PROBLEM REQUIREMENTS: Reproduce the whole listing, character for character.

RECORDED INFORMATION:

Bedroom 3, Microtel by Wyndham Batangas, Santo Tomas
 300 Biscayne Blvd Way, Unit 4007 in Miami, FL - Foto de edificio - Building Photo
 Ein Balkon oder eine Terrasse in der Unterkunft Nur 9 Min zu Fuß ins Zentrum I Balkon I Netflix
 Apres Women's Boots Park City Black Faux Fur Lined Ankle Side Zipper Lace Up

RESULT FOR THIS EXERCISE:
Bedroom 3, Microtel by Wyndham Batangas, Santo Tomas
 300 Biscayne Blvd Way, Unit 4007 in Miami, FL - Foto de edificio - Building Photo
 Ein Balkon oder eine Terrasse in der Unterkunft Nur 9 Min zu Fuß ins Zentrum I Balkon I Netflix
 Apres Women's Boots Park City Black Faux Fur Lined Ankle Side Zipper Lace Up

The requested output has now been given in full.